I have an interest in bringing ideas from outside of the tech industry and seeing how they fit. After working with Kerim Satirli (@ksatirli) on my SysAdvent post about multiple root causes, he was kind enough to send me a book “Incident Management for Operations”. The book focuses on using the Incident Management System, pioneered in emergency services for fighting wildfires, in managing outages in tech.
“Incident Management for Operations” was authored by Rob Schnepp, Ron Vidal, and Chris Hawley of Blackrock 3 Partners. You can find the book on Amazon or Safari Books Online.
In A Nutshell
The authors have adapted the Incident Management System (IMS) for use in IT operations. IMS is a standardized, scalable method for incident response to facilitate coordination between responders. This translates nicely to organizations where separate departments or teams are responsible for different pieces of a business’s IT infrastructure, and multiple disciplines are required for incident resolution.
The book lays out the framework for IMS and includes examples of applying the framework to IT. Since implementation can vary in practice (alignment with DevOps, ITIL, etc.), the book stops short of prescribing how to setup organizations, but gives enough information to determine how your organization could adapt to IMS.

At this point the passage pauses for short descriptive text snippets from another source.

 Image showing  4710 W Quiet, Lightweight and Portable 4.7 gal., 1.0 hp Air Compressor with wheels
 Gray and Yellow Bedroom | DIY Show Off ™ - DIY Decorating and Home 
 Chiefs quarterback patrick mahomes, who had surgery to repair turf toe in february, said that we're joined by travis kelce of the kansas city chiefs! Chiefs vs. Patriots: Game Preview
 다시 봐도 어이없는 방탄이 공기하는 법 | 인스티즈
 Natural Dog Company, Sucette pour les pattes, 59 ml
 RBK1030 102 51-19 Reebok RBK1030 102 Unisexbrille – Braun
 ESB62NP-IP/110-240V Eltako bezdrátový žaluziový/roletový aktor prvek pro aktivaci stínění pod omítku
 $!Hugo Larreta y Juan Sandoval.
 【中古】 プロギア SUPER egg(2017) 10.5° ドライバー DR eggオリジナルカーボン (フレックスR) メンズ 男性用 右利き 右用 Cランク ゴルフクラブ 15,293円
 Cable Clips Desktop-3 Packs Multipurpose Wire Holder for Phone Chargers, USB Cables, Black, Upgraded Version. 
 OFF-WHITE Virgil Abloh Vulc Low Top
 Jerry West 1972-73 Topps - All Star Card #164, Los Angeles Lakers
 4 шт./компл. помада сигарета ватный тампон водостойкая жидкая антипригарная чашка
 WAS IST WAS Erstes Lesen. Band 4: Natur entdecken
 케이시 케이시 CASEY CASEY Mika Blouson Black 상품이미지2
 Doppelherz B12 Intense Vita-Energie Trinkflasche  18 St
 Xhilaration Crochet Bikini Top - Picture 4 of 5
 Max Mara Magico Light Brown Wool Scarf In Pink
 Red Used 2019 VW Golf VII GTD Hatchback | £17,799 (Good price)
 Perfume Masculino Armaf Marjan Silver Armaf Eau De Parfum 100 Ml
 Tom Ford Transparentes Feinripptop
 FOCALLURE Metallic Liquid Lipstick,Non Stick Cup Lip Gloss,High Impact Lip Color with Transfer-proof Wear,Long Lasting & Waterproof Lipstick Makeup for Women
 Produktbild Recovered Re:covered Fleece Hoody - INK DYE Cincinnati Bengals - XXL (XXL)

The authors provide a number of mnemonics such as “CAN” (Conditions, Actions, Needs), “STAR” (Size up, Triage, Act, Review), and “TIME” (Tone, Interaction, Management, Engagement) to aid in implementing IMS and effectively leading as an Incident Commander. If your organization implements IMS, I’d suggest making a quick reference card with these mnemonics to put on your ID badge holder in case you forget during a 3 a.m. incident.